I decided to stay at the campground in the park. It's a lovely evening, and I cook myself a nice dinner. Just about four in the morning, I woke up from the sound of heavy raindrops on my car. Oh, no! I left my chair and stove outside! The little reception I had I lost very quickly, so I couldn't check the weather as I usually do. The last time I checked the weather, it called for beautiful sunny days ahead of me.
Looking outside my windows, the sky is solid gray. I enjoy laying in my comfortable cocoon for a bit longer, hoping the rain will taper off.
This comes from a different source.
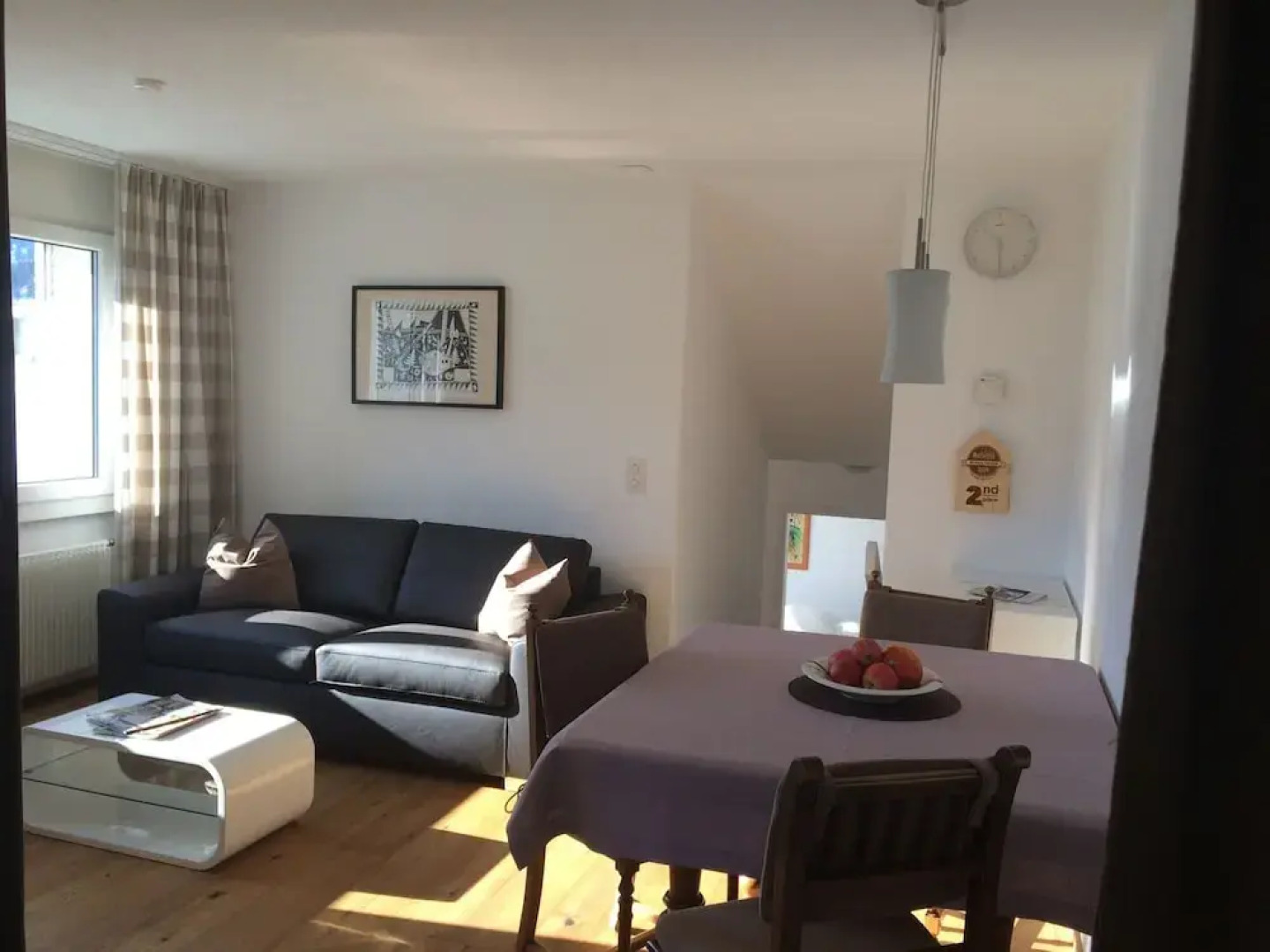 Segnas Mountain Apartment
If it doesn't, I will have to figure out my next steps.
By 8:30, I put on my rain gear (when I packed my car before leaving home, I made sure my rain gear was always within reach).
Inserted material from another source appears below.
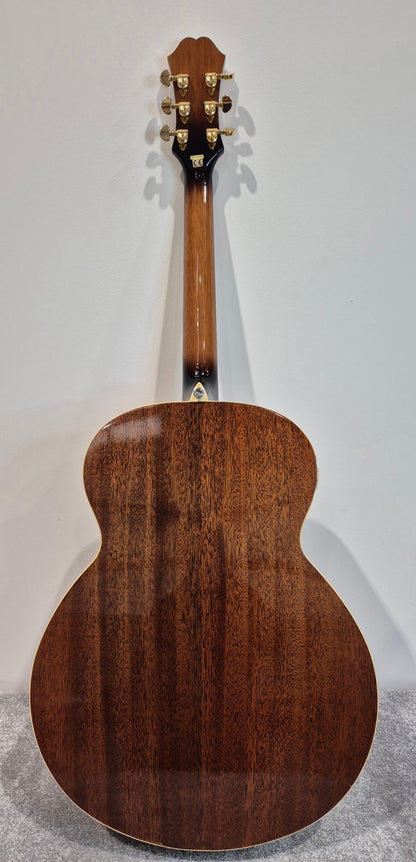 Epiphone SJ 15 NA - Semi Jumbo Acoustic Guitar w/ Soft Gig Bag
Funny that yesterday I wrote in my journal how the Organ Pipe looks like it's praying for rain. I am happy that their prayer has been answered. Who am I to complain about the gift of water?
I jumped out of my car, wearing my raingear and flip-flops, shoved my wet equipment in garbage bags, and drove off. Thirty minutes into my drive, I find a local restaurant where I can sit for breakfast, wash up myself and my muddy flip-flop. I made sure to leave a generous tip, and as always, leave the bathroom cleaner than when I arrived. I don't see the need to endure this weather, so I travel back to Fountain Hills to enjoy a few more days in the wonderful company of Gina and Bob. It's also time for my second oil change since now I travel just over 10,000 miles.
My next regrouping place will be in mid-April when I visit my friend Jennie in Palo Alto, CA. Until then, I will be camping through Sedona, Zion National Park, Joshua Tree National Park, San Diego, and up the coast.
The experience of traveling with the wind and not having reservations made ahead of time is appealing to me. The freedom to make choices and changes as I need is an extra blessing. So, I decided to make a significant change to my travels. I am letting go of traveling to Alaska to allow me the freedom and flexibility I would like to have when I travel through Canada. I realize I am trying to squeeze too much mileage in a short period of time. I am not on this journey to check out as many places on the map. One of the gifts I would like to receive from my journey is the appreciation of living in the moment, and enjoying what is in front of me without the pressure of time. Rushing through my travel is not allowing me room for mistakes, or as I prefer to see it, as an open opportunity for good lessons and self-growth.